- _Action item_: Retype only what runs from the beginning of the data through the line with "4pc Raptor Style"; please omit the pictures and keep every line exact.

- _Dataset section_:
++++++++
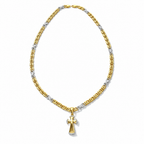 Collana in argento 925 placcato oro bicolore con maglie dorate e argentate e ciondolo a croce su fondo bianco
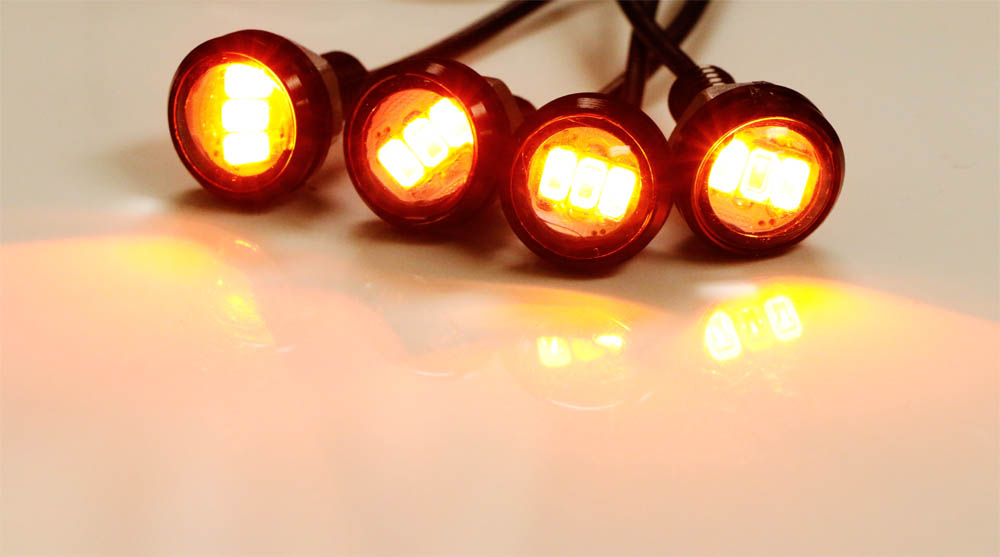 4pc Raptor Style Amber LED Grille Lighting Kit for 2019+ Toyota RAV4 - Off-Road Grill Lights with Durable Housing & Weatherproof Design - Perfect for Night Driving, Off-Road Adventures & Custom Car Styling
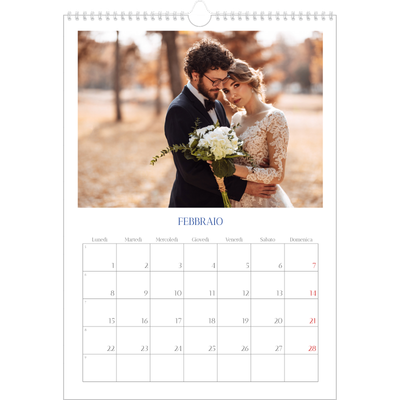 Calendario A3 verticale — Classico cobalto [Febbraio]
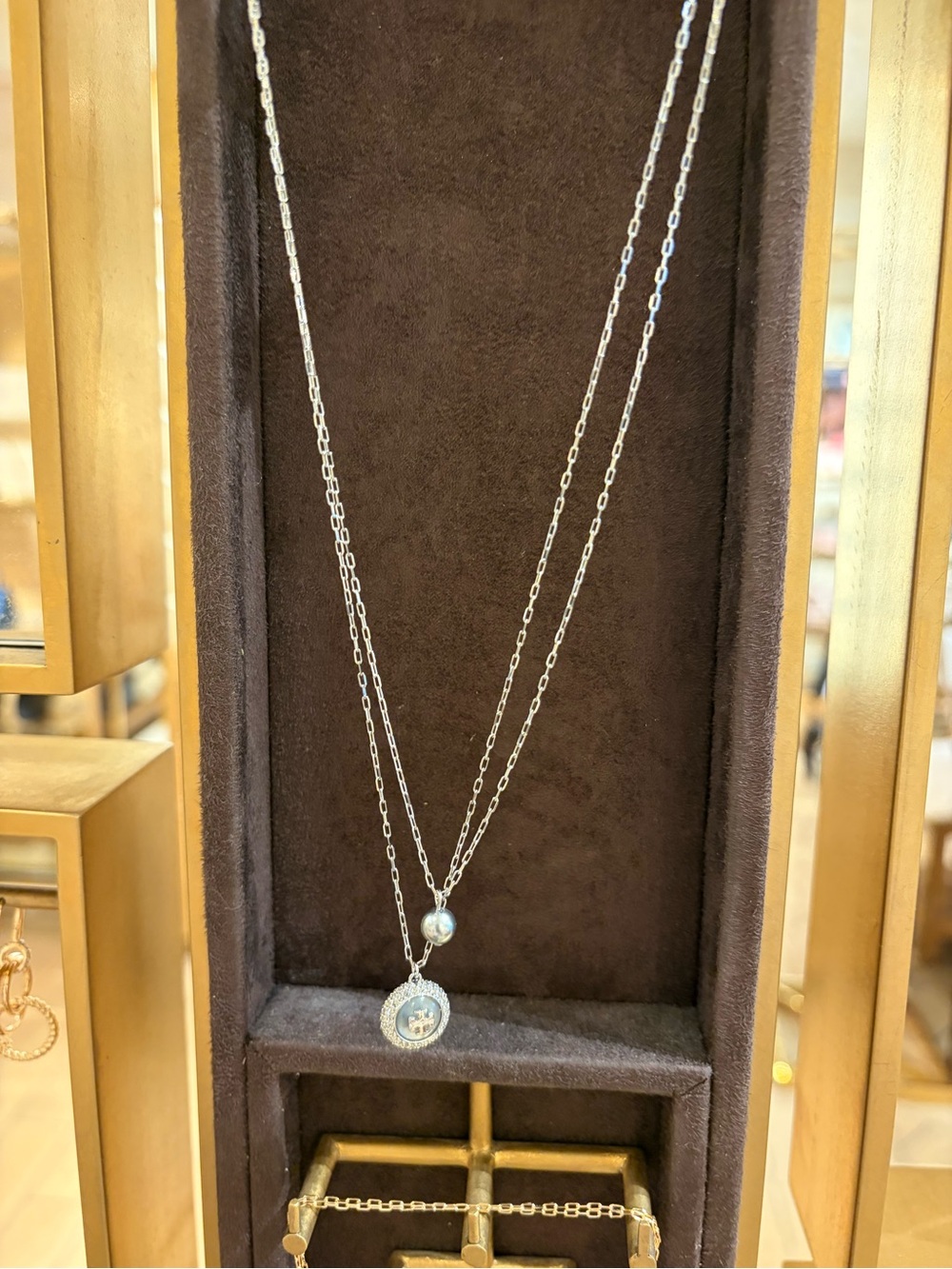 Tory Burch moondance 2 layer silver Tone Pave small Logo Pendant Necklace new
++++++++
- _Final answer_:
 Collana in argento 925 placcato oro bicolore con maglie dorate e argentate e ciondolo a croce su fondo bianco
 4pc Raptor Style Amber LED Grille Lighting Kit for 2019+ Toyota RAV4 - Off-Road Grill Lights with Durable Housing & Weatherproof Design - Perfect for Night Driving, Off-Road Adventures & Custom Car Styling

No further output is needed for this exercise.